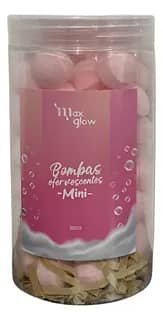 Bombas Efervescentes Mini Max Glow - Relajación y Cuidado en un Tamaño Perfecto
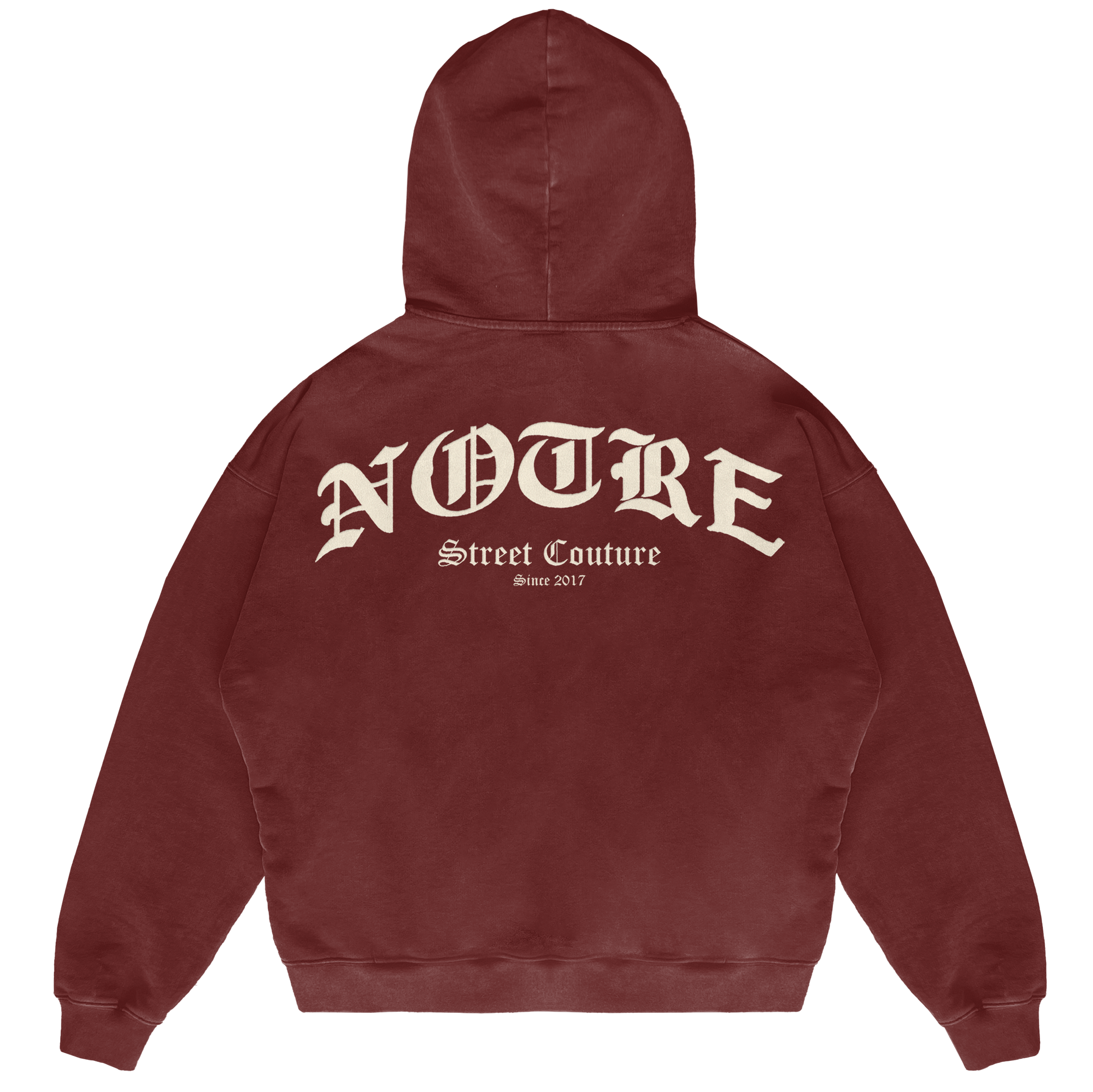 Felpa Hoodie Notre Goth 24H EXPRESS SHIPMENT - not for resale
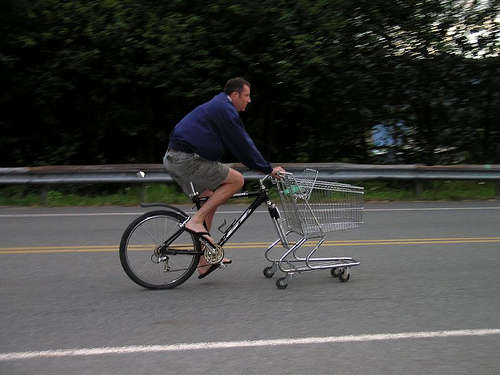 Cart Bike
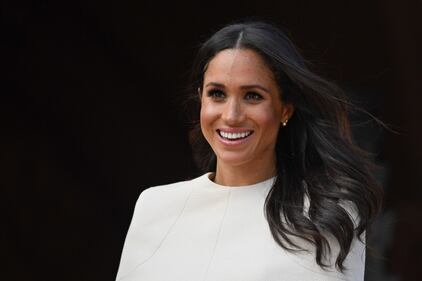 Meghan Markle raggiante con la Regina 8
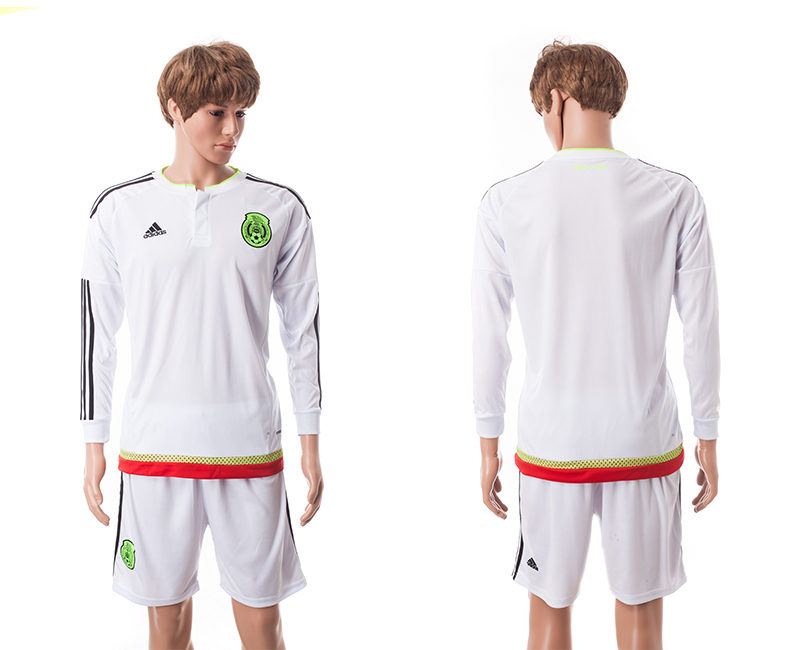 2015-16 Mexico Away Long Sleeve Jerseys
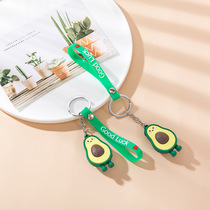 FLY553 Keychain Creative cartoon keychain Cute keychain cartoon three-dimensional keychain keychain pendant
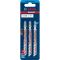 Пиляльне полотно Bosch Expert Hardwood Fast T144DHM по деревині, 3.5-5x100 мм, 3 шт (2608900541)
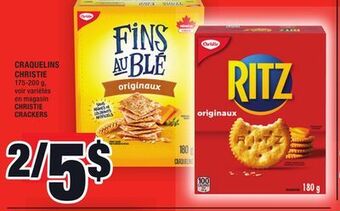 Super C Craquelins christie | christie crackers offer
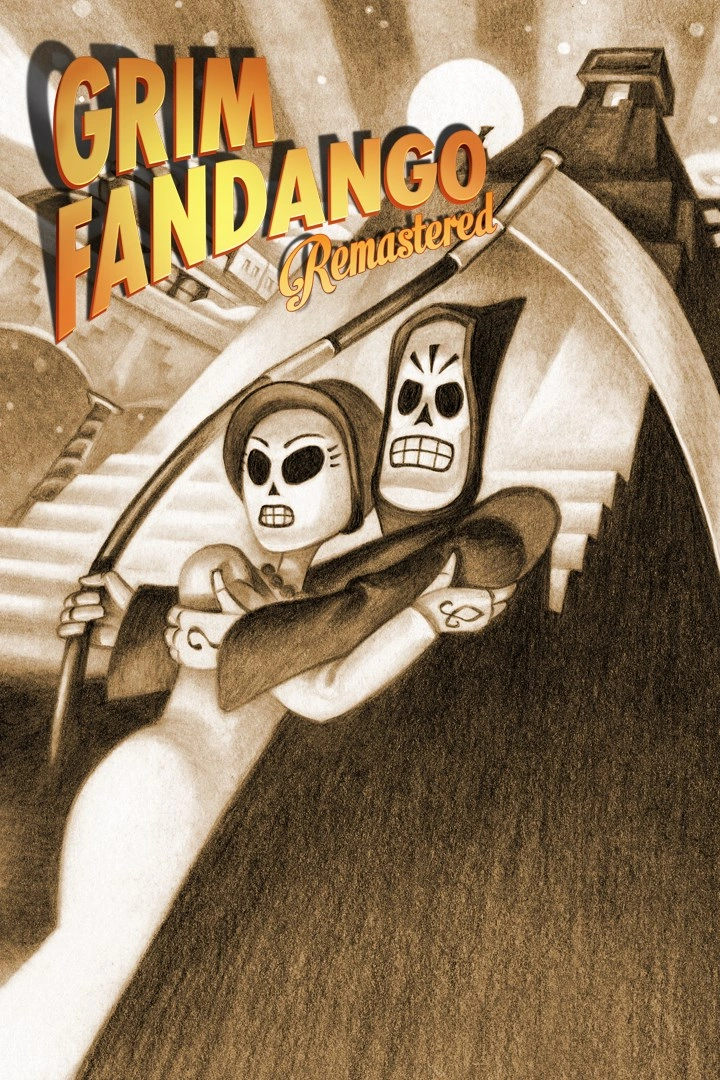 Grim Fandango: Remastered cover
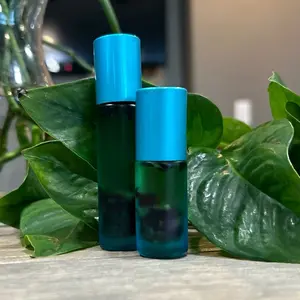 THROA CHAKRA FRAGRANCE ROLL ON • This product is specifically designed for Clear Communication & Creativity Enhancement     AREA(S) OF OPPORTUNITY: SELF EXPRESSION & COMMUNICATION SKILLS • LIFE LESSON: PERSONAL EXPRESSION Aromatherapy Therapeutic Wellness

··········

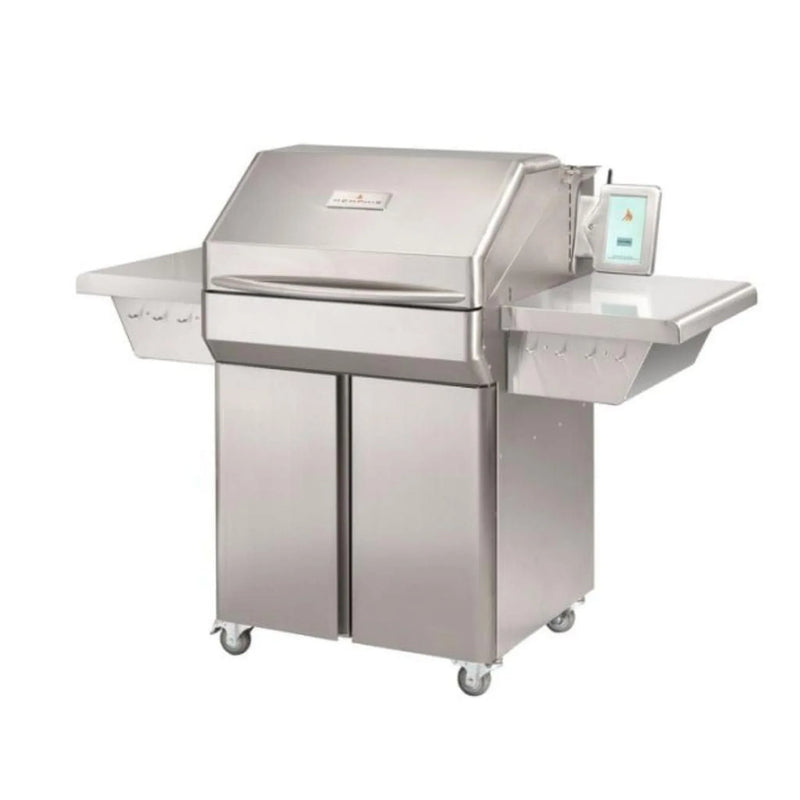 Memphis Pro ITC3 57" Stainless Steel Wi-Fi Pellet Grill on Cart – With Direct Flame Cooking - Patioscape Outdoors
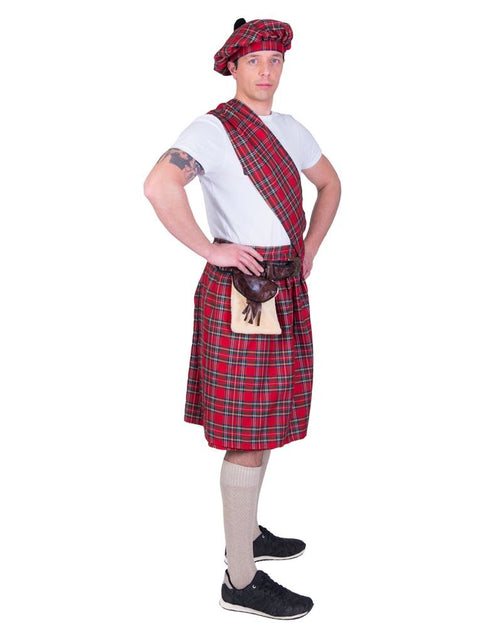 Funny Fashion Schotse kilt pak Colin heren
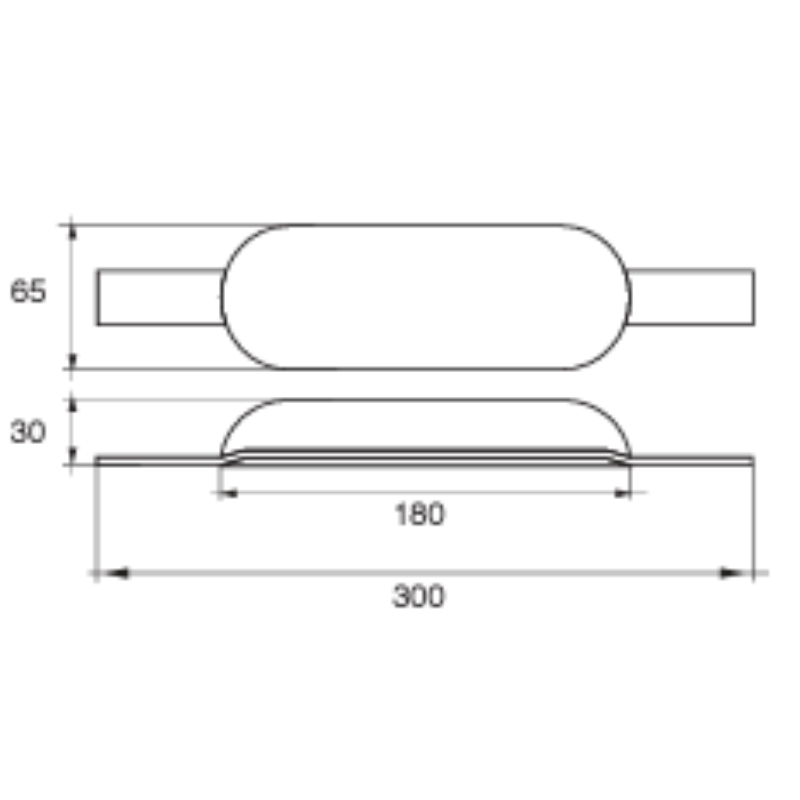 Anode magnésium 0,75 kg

··········

Exercise goal: Leaving out all pictures, set down exactly the lines of the material above, from the line with "Bombas Efervescentes Mini" to the line with "Grim Fandango: Remastered cover" inclusive, and no others.

Solution below:
 Bombas Efervescentes Mini Max Glow - Relajación y Cuidado en un Tamaño Perfecto
 Felpa Hoodie Notre Goth 24H EXPRESS SHIPMENT - not for resale
 Cart Bike
 Meghan Markle raggiante con la Regina 8
 2015-16 Mexico Away Long Sleeve Jerseys
 FLY553 Keychain Creative cartoon keychain Cute keychain cartoon three-dimensional keychain keychain pendant
 Пиляльне полотно Bosch Expert Hardwood Fast T144DHM по деревині, 3.5-5x100 мм, 3 шт (2608900541)
 Super C Craquelins christie | christie crackers offer
 Grim Fandango: Remastered cover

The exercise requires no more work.